Irritierend ist jedoch, mit welcher Selbstverständlichkeit sie dies tun. Als sei es das Normalste der Welt, dass sich der Staat in wirtschaftliches Handeln einmischt. Es sind die gleichen Vertreter der Interessen der Wirtschaft, die jenseits von Krisenzeiten den Staat verleumden. Er bremse mit Bürokratie und Vorschriften das wackere Unternehmertum aus. Er poche zu sehr auf soziale Gerechtigkeit und hemme so die freie Entfaltung der allein selig machenden Marktkräfte. Ganz nebenbei finden diese Vertreter ökonomischer Interessen selten mahnende Worte für die schwarzen Schafe unter ihnen, die sich einen Wettbewerb in legaler und halb legaler Steuervermeidung liefern, die des Profits wegen aus Tarifverträgen fliehen, die billig im Ausland produzieren, wo sie sich wenig um Umweltstandards oder Arbeitsschutz kümmern.

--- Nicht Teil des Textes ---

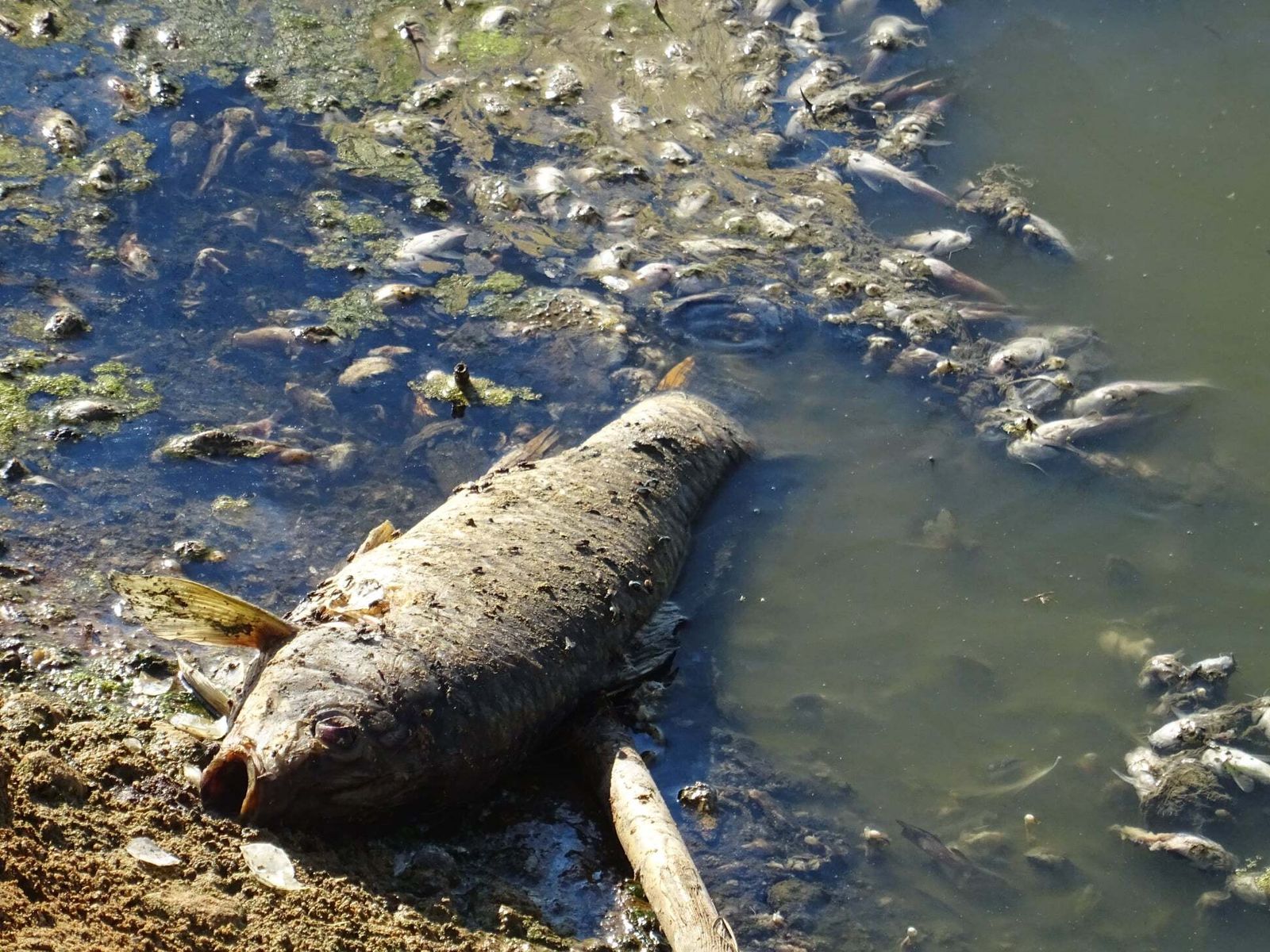 La Laguna de la Mejorada se seca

Gewiss, solche Unternehmen sind nicht in der Mehrheit. Aber wenige sind es auch nicht. Industrie- und Unternehmerverbände, die jetzt nach dem Staat rufen, um ihre Verluste zu vergesellschaften, sollten sich in profitablen Zeiten nicht allzu rigoros über den Staat beschweren, wenn der versucht, im Interesse der Allgemeinheit das Kapital wenigstens ein bisschen zu regulieren. Wer in der Not Hilfe braucht, tut sich leichter, wenn er in guten Zeiten Anstand zeigt.